La riflessione alla base di PER GIOCO... è che attualmente i programmi d’intervento precoci in campo socio-educativo tendono ad essere sempre più strategici sia per la crescita armonica dei giovani che per il miglioramento del clima organizzativo delle istituzioni educative e delle persone deputate a funzioni legate alla formazione dei minori medesimi.

Spesso, infatti, l’approccio tradizionale, che considera il processo di socializzazione e formazione come un percorso di apprendimento basato sulla trasmissione di valori, regole e cultura e cioè come qualcosa di frontale, compiuto e definitivo, oggi sempre più spesso sembra debole e inadeguato ad andare incontro alle esigenze della nuova generazione. Le modalità di apprendimento e di educazione “tradizionali”, infatti, si connotano attraverso forme espressive non idonee per la relazione educativa poiché non tengono conto delle specifiche modalità culturali attraverso cui si formano e si esprimono i minori.

Emerge la difficoltà da parte degli operatori di elaborare linguaggi trans-culturali e multimodali che possano rispondere ai cambiamenti sociali e comunicativi e favorire un corretto processo di integrazione culturale e inclusione sociale.

Questo può far emergere forme di incomunicabilità che si traducono in un non riconoscimento da parte dei giovani nei confronti degli adulti . D’altro canto gli adulti educatori spesso etichettano i bambini stessi secondo vecchie concezioni, non riuscendo a riconoscere le loro forme espressive.

A partire da tali presupposti diviene sempre più importante proporre interventi di formazione rivolti ai minori che adoperino nuove modalità di relazione educativa e che tengano conto degli specifici sistemi di comunicazione in cui si formano ed attraverso cui si esprimono.

Tali interventi si configurano nell’ambito della prevenzione primaria ai comportamenti devianti e si attuano prima che questi ultimi si manifestino con sindromi già strutturate e più complesse da gestire.

PER GIOCO....si propone come un nuovo orientamento strategico capace di contribuire all'innovazione delle metodologie socio-educative tradizionali.

Da Bettelheim a Munari, da Rodari a Barba, sono stati numerosi gli intellettuali che hanno evidenziato l’importanza del gioco e della fantasia per la crescita personale e collettiva, anche all’interno dei processi di socializzazione formali.

Il gioco, infatti, quando non è inteso come pausa o svago, ma come orientamento e metodologia di contatto, relazione e produzione culturale, può contribuire a costruire un ambiente educativo non trasmissivo, capace di facilitare il coinvolgimento dei partecipanti e di favorirne i processi di socializzazione, attraverso l’acquisizione di competenze e abilità funzionali alle esigenze contemporanee. Il gioco può, infatti, produrre una cultura viva, in grado di affascinare, stimolare e coinvolgere le persone, arricchendo e rivitalizzando la proposta delle agenzie di socializzazione tradizionali al fine di farle divenire il punto di forza di un sistema sociale in trasformazione, i cui standard si modellano sempre più su processi di una natura cooperativa, immersiva e a-simmetrica, basati sull’ imparare facendo.

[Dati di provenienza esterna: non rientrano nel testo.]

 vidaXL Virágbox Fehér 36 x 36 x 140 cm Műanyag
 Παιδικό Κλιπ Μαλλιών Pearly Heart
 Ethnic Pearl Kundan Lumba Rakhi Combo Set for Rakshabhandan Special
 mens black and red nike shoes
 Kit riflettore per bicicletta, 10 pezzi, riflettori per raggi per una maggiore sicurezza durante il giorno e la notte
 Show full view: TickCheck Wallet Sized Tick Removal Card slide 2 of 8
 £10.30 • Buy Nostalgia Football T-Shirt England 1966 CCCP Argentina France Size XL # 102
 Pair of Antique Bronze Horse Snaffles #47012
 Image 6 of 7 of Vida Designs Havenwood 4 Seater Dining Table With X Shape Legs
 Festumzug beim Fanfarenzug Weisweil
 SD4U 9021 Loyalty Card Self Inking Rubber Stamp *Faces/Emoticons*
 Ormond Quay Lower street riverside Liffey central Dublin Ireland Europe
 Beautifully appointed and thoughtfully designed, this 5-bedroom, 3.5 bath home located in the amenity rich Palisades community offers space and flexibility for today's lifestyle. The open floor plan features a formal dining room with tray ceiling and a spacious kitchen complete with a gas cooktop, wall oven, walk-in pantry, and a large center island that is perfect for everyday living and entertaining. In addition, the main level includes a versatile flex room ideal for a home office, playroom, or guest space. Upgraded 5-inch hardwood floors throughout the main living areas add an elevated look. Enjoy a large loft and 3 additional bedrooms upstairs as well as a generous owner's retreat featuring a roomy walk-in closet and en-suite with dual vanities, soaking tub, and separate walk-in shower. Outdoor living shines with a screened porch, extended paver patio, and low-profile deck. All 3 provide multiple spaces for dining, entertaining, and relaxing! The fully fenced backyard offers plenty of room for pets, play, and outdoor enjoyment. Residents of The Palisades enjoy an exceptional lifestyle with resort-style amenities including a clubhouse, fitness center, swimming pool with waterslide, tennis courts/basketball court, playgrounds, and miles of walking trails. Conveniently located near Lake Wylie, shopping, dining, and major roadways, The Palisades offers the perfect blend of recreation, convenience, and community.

In questo senso PER GIOCO...si propone di creare contesti sociologicamente orientati per far sì che venga garantita continuità fra i percorsi di socializzazione formali dei più giovani e quelli informali a partire dalla costruzione di una relazione virtuosa tra famiglia, scuola e soggetti di aggregazione e promozione socio-culturale del territorio.

Si parte dal presupposto che i bambini anche attraverso i giochi imparino, anzi la dimensione affettiva del bambino nei confronti del gioco è l’aspetto rilevante per trattare anche ciò che troppo spesso viene considerato noioso, lo studio, per giocare imparando. In tal senso è necessario riconsiderare l’apprendimento un processo compatto in cui la parte affettiva, il piacere, è propedeutica alla parte cognitiva e razionale, così come qualsiasi altra forma di conoscenza acquisita dal nostro cervello.